Richa Chadha (born 18 December 1986) is an Indian actress, producer and political activist who works in Hindi cinema. After debuting in a small role in the comedy film Oye Lucky! Lucky Oye! (2008), Chadha's breakthrough came in 2012 with a supporting role in the noir gangster saga Gangs of Wasseypur, where her role as the bellicose and foul-tongued wife of a gangster earned her a Filmfare award.

In 2015, Chadha made her debut in a leading role with the drama Masaan (2015).

Early life and education 
Chadha was born on 18 December 1986 in Amritsar, Punjab, India into a Hindu family to a Punjabi father and a Bihari mother. She was educated at Sardar Patel Vidyalaya and then at the St. Stephen's College in New Delhi. Her father owns a management firm and her mother, Kusum Lata Chadha, is a professor of political science at PGDAV College of Delhi University, who has authored two books and also works with Gandhi Smriti.

Career 
Chadha began her career as a model and then she moved to theater. She has performed plays touring in India

Initial struggles (2008–2011) 

Chadha made her acting debut in a supporting role as Dolly in Dibakar Banerjee-directed 2008 film Oye Lucky! Lucky Oye!. She appeared in the 2010 comedy film Benny and Babloo as Fedora. In the meanwhile, a Kannada movie in which she had acted, titled Nirdoshi was released in 2010 after a delay of almost three years.

Breakthrough and recognition (2012–2015) 
In 2012, she acted in Anurag Kashyap's crime drama Gangs of Wasseypur – Part 1. She stated in an interview that this role as 'Nagma Khatoon' helped her get 11 film roles. The film premiered at the 65th Cannes Film Festival. She reprised her role as Nagma Khatoon in the sequel Gangs of Wasseypur – Part 2. The film premiered in the Cannes Directors' Fortnight at the Cannes Film Festival with its prequel. Chadha received a Filmfare Award nomination in the Best Supporting Actress category and won the Filmfare Critics Award for Best Actress.
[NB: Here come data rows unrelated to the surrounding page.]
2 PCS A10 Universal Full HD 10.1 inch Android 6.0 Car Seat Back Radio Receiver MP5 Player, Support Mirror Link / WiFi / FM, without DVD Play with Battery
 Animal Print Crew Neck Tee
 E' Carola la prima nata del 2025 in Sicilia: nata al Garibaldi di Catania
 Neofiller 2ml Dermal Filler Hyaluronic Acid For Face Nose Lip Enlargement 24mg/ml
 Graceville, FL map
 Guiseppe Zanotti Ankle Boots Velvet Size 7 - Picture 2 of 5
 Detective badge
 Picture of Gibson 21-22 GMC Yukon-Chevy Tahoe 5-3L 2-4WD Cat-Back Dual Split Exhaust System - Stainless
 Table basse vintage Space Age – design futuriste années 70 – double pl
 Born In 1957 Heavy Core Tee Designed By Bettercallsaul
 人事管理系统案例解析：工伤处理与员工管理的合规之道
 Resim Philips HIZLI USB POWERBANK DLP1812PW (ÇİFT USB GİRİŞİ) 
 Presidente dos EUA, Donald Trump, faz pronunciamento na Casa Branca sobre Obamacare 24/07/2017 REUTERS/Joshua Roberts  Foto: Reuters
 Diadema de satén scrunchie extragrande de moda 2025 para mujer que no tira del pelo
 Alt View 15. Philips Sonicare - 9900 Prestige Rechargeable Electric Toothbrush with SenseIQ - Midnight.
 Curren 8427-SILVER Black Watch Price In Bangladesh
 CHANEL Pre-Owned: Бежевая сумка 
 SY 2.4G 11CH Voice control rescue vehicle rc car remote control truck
Chadha's first release of 2013 came in the Mrighdeep Singh Lamba-directed coming of age comedy  film Fukrey, in which she portrayed a tough-talking female don Bholi Punjaban. She then appeared in one of the segments in the Anurag Kashyap-produced anthology film Shorts titled "Epilogue". Chadha and Shirvastav play a dysfunctional couple who seem extremely unhappy with each other.

Chadha next appeared in a supporting role as Rasila in Sanjay Leela Bhansali-directed drama film Goliyon Ki Raasleela Ram-Leela, an adaptation of the Shakespearean tragedy of Romeo and Juliet. She received a nomination in IIFA Best Supporting Actress category for the role. Chadha next appeared in Navneet Behal-directed 2014 film Tamanchey in the role of Babu, a criminal. It was screened out of competition at the 71st Venice International Film Festival. Her next movie was a biopic of Charles Sobhraj, Main Aur Charles.

Critical and commercial success (2016–present) 
In January 2016, Chadha appeared as a journalist in the social-drama Chalk n Duster. She later appeared in Sarbjit, a biographical-drama film based upon the life of Sarabjit Singh. She portrayed the role of Sukhpreet, and share screen alongside Aishwarya Rai and Randeep Hooda.

In 2017, Richa acted in an Indian web-series Inside Edge, playing the lead character of a struggling actress. The series was positively received by both critics and audience. In the same year, Jia Aur Jia was released. The film received unfavorable reviews from critics and did not perform well at box office too. After that, she reprised her role as Bholi Punjaban in Fukrey Returns, a sequel to 2013 film Fukrey.

Richa Chadha worked in Sudhir Mishra's version of the Devdas saga, entitled Aur Devdas as Paro. Her much delayed film with Pooja Bhatt, Cabaret, released on 9 January 2019. Chadha also worked for David Womark's Indo-American production Love Sonia. The film had its world premiere at the London Indian Film Festival on 21 June 2018. The film was released in India on 14 September 2018.[6] Her two films, Section 375 a courtroom drama produced by Kumar Mangat Pathak, Abhishek Pathak and directed by Ajay Bahl, co-starring Akshaye Khanna was released on 13 September 2019. And her second film Panga directed by Ashwiny Iyer Tiwari with Kangana Ranaut as main lead, was released on 24 January 2020. And her Upcoming web-film Lahore Confidential ZEE5 Spying thriller film includes a cross-border love story for RAW Agent Ananya, played by Richa Chadha released on 11 December 2020. Her latest film Shakeela released in theatres on 25 December 2020.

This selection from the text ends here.